Professori Jan Čermák palkintotilaisuudessa Vanhan ylioppilastalon musiikkisalissa 27. helmikuuta 2015. Kuva: Elina Lampela/ Kalevalaseura.

Professor Jan Čermák at the award ceremony in the music hall at Vanha ylioppilastalo, Helsinki on February 27, 2015. Photo: Elina Lampela/ the Kalevala Society.

Professor Jan Čermák (b. 1962) is an English language professor and researcher within the field of historical linguistics at the Charles University in Prague. He is specialised in Old English and Early Middle English philology and literature research. His interest in epic tales and the Finnish language has also introduced the Kalevala to him. In the autumn of 2014, the publishing company Academia of the

Czech Academy of Sciences published the Kalevala as a book with more than 1 000 pages in the Czech language including commentaries. Jan Čermák was the driving force behind this work. The director of the Finnish language department at the Charles University, Lenka Fárová, and Jan Franta, who designed the layout, helped him. Josef Holeček did the first Czech translation of the Kalevala as early as in 1894.

The publisher suggested first that Čermák would do a new translation, but in the end, they agreed to publish the translation by Josef Holeček with additional comments. The book approaches Holeček’s translation from a critical point of view. Besides the Kalevala, it contains a comprehensive additional part, in which research findings on the epic are discussed from a linguistic, cultural and historical as well as from an ethnographic point of view. An article on the evolution of Finnish culture and literature in relation to other epic tales in the world is also added to the book. There are also eight of the Finnish Golden Age artist Akseli Gallen-Kallela’s Kalevala themed works in the book in order to bring some visual extra to the work.

Jan Čermákin Kalevalan kriittinen editio ilmestyi Prahassa vuonna 2014.

Jan Čermák’s critical edition of the Kalevala was published in Prague in 2014.

Čermák praises the translation by Holeček and says that it is excellent. It is exact and has a very rich vocabulary. The most fundamental difference between the Czech translation and Lönnrot’s original book is, according to Čermák, in the nature of the language.

– The words in the Czech language are considerably shorter than in the Finnish language, and therefore, Holeček has often tried to fill in the empty spaces in the verses with adjectives. Thus, the Kalevala in Czech is notably more descriptive than the original version, the language is almost ornate.

In Čermák’s opinion the Kalevala has in the Czechia been known only among linguists and those who are interested in mythology. Thus, his wish is that the updated book would make the epic more easily accessible also outside the academic circles.
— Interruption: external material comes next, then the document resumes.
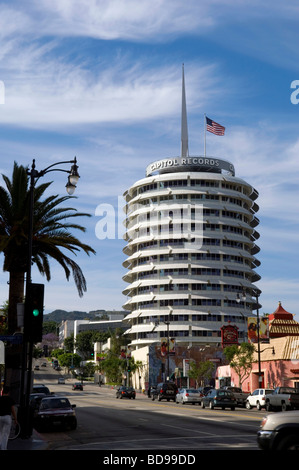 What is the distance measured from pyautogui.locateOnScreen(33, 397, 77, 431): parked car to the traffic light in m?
6.59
And the idea of a new translation is not impossible. Čermák believes that it is easier for the person who makes a new translation now when critical comments are available.

Jan Čermák knows the world of epics very well. He has translated, among others, the Beowulf, which was written in Old English, into Czech. Can you compare it to the Kalevala?

– I approached the text in the Beowulf as a translator and the text in the Kalevala as an interpreter, and thus, I would say that these two can be only partially compared to each other. The structure of the Kalevala is much deeper and more complex than the Beowulf. Thematically it is much more versatile. The theme in the Beowulf is the duality of paganism-Christianity whereas the Kalevala contains several temporal and cultural layers, that we still recognise today, it is inspired by Scandinavia and Siberia and, furthermore, there are six times more verses in the Kalevala than in the Beowulf.

Čermák’s favourite parts of the Kalevala are the origin poems and the wedding laments.

– An interesting passage is also the one where Kullervo breaks his knife on a stone that has been baked inside a bread and how the occurrences that follow this foreshadow the forthcoming tragedy.


Jiří Peňás, There would be no Finland without the Kalevala, interview of Jan Čermák in Lidové noviny, 22.10.2014.